Two object-based video coding algorihms making use of TEMICS segmentation tools with some temporal tracking refinements have been developed. The first algorithm relies on a predictive texture-based coding approach. The segmentation extracts a set of objects together with their mean texture. Video is then reconstructed with a two-layer representation. In the first layer, the mean texture information of each object is robustly transmitted. In the second layer, segmentation, motion and texture refinement information is transmitted separately for each frame. Segmentation and motion information allow to warp the texture in order to obtain a coarse approximation of the image. This decomposition allows a progressive and robust transmission: any frame may be lost or dropped, refinement information can also be coded progressively (e.g., by bit-plane coding techniques). Early experiments show promising results at low bit-rate.

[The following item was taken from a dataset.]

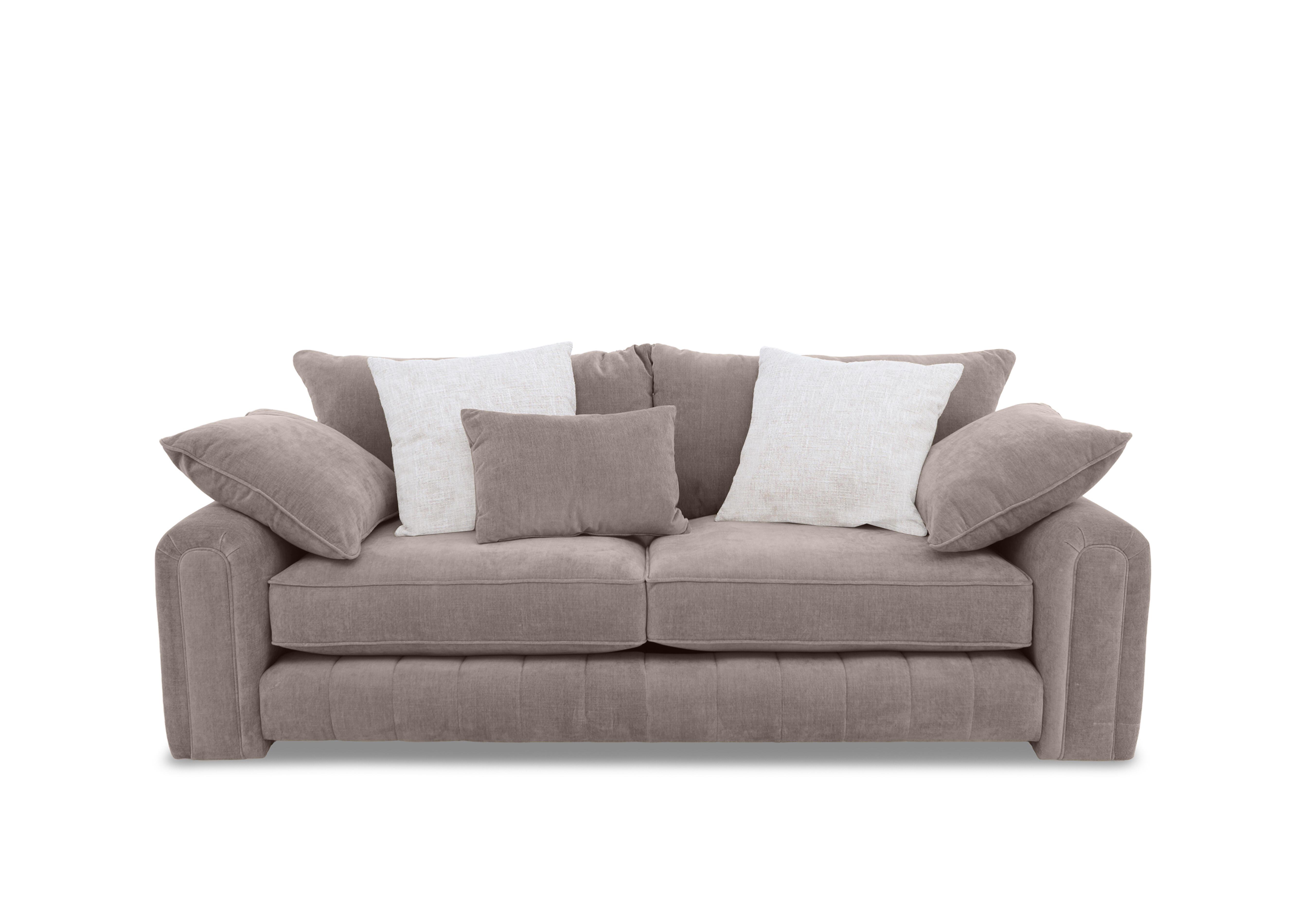 Retreat 3 Seater Fabric Sofa in Aston Latte on Furniture Village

The second algorithm is based on an analysis-synthesis approach, allowing to de-correlate shape, motion and texture information, coupled with spatio-temporal wavelet decompositions. Notice that, in classical object-based coders, shape, motion and texture information are usually correlated, resulting with some limitations with respect to scalable representations. Motion is first estimated thanks to active meshes tracked over several frames. Using this information, texture and shape may be extracted and represented independently of the motion information. We then end up with three types of information to encode and transmit. Each information is then decomposed using spatio-temporal wavelet transforms and progressively encoded. The resulting bit-streams are fully scalable, i.e., spatially, temporally, in terms of SNR, and allow object-based scalabilities.

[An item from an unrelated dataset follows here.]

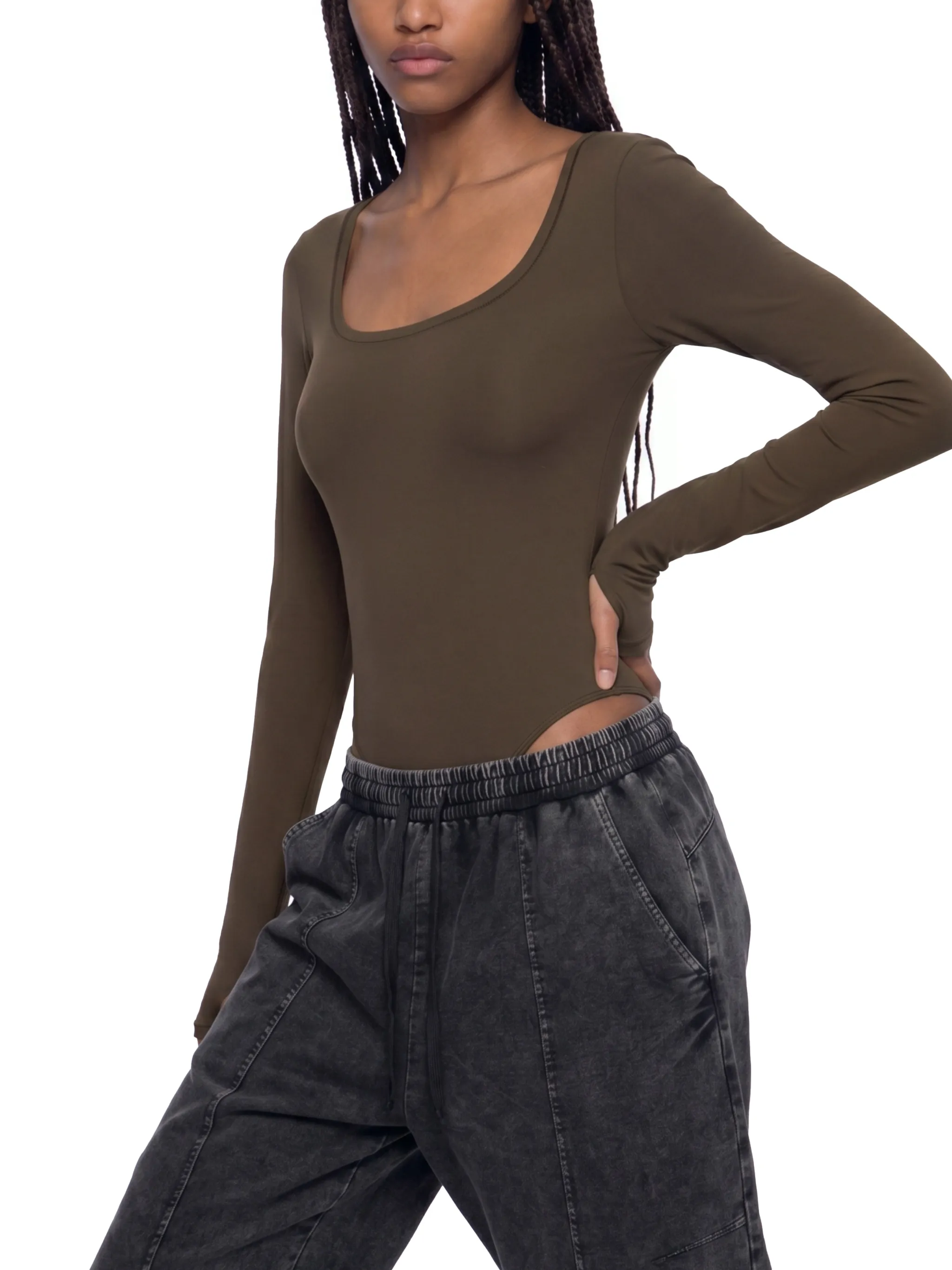 Women's Tight Long Sleeve Yoga Bodysuit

Video coding efficiency depends on the accuracy of the motion fields and on the way these motion fields are being exploited in the motion-compensated temporal transform. In occlusion areas, most motion estimation methods fail, due to spatial and temporal motion discontinuities. A new algorithm based on non-manifold motion has been developed for handling occlusions in motion estimation and representation. In an occlusion area, the mesh is constrained along the frontier between two objects having different displacements, so that different meshes can be constructed on both sides of the frontier. The corresponding triangles are thus overlapping. A non-manifold motion field is thus produced, enabling occluding objects to move independently from each other. The hierarchical mesh representation and estimation ensures the consistency of the motion field. The use of active meshes together with this approach for handling the frontier between objects (called cracklines) allows to improve the temporal prediction (see Fig.5).

### Shadow and motion analysis for video compression

Contributed by: Fabien Catteau, Mireya Garcia-Vasquez, Henri Nicolas.

Motion compensation is a core technique for video compression. It allows to efficiently exploit the temporal redundancy existing between successive images. Moving shadows in a sequence create temporal activity which reduces the motion-compensated temporal prediction efficiency. We have thus focused on the optimization of motion analysis by taking into account the presence of shadows and augmented motion models beyond the classical translational model.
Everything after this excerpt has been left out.